Sigilo para bandido?
Após fazer um hiistórico sobre a luta pela regulamentação profissional, o presidente da Fenaj, Sergio Murillo, disse que os empresários de comunicação sempre se posicionaram contrários à regulamentação e a função de assessor de imprensa era vista com muito preconceito. “Na legislação que regulamentou a profissão de jornalista não consta a função entre as várias reconhecidas – diagramador, redator, repórter fotográfico, revisor etc.”, listou Murillo, em sua palestra no painel 3 – A queda do diploma. O que muda ou nada muda?
Para Sergio Murillo, uma das consequências da decisão do STF (Supremo Tribunal Federal) de acabar com a obrigatoriedade do diploma de Jornalismo para exercer a profissão está relacionada com o perigo de escancarar o acesso à profissão a qualquer pessoa porque a legislação beneficia o jornalista no direito de manter o sigilo da fonte.
“A partir do acórdão relacionado com a decisão do STF, abre-se a possibilidade de um bandido usar prerrogativas da profissão para se livrar de uma condenação. Por esse motivo, temos a obrigação de dar uma resposta à decisão estúpida e irresponsável do STF”, observou Murillo, antes de afirmar que o melhor caminho é deixar que o Congresso Nacional resolva a questão. Citou as propostas de emenda constitucional (PEC) e a Frente Parlamentar em Defesa do Diploma como instrumentos importantes para fortalecer a luta dos jornalistas.
A 1ª Conferência Nacional de Comunicação, que será realizada entre 1º e 3 de dezembro, em Brasília, deve ser vista como um espaço importante para que a exigência do diploma seja debatida como um elemento central e estratégico para a consolidação democrática brasileira. “Liberdade de imprensa e de expressão é patrimônio do cidadão diante do poder político e não dos patrões ou dos jornalistas. Trata-se de uma grave deturpação citar a obrigatoriedade do diploma como exigência da liberdade de expressão”, criticou.
O caminho das PECs
No mesmo painel, Claudismar Zupiroli, advogado da Fenaj, lembrou que a decisão que derrubou a exigência do diploma foi tomada em 2001, quando a Justiça de São Paulo concedeu liminar a favor do recurso impetrado pela entidade que representa as empresas rádio de televisão no estado. “Em 17 de junho deste ano, o STF apenas manteve aquela decisão”, destacou. Zupiroli, que vê na proposta de emenda constitucional o caminho mais eficiente para o resgate da obrigatoriedade do diploma.

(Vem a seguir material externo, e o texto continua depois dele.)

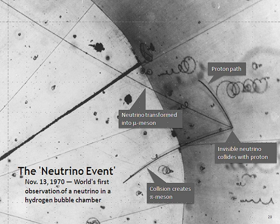Atmospheric neutrinos result from the interaction of cosmic rays with atomic nuclei in the Earth's atmosphere, creating showers of particles, many of which are unstable and produce neutrinos when they decay. A collaboration of particle physicists from Tata Institute of Fundamental Research India, Osaka City University and Durham University recorded the first cosmic ray-neutrino interaction in an underground laboratory in Kolar Gold Fields in India in 1965.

Embora o meio empresarial, de maneira geral, seja contrário ao diploma, há os que vejam nos jornalistas os profissionais mais preparados e habilitados para trabalhar na produção de conteúdo das redes sociais. “O jornalista tem mais condição técnica e intelectual para dar as respostas. Só quem trabalhou em redação sabe exatamente como pensa o outro lado. Nesses casos, o jornalista pode ser o gerente de conteúdo, o cara que pensa”, opinou Luiz Roberto Serrano, presidente do Sindicato das Empresas de Comunicação (Sinco), que já trabalhou como jornalista em revistas como Veja e IstoÉ.
Ele criticou o que considera dependência do jornalismo às informações geradas pelas assessorias de imprensa. Em sua opinião, isso se deve à precarização do trabalho na imprensa, que dispõe de menos gente e equipamentos para produzir informação independente. “Sem assessoria de imprensa, 50% da informação não existiria”, garantiu. A respeito da decisão do STF sobre o diploma, disse que os ministros que votaram a favor “confundiram liberdade de expressão com liberdade de imprensa”.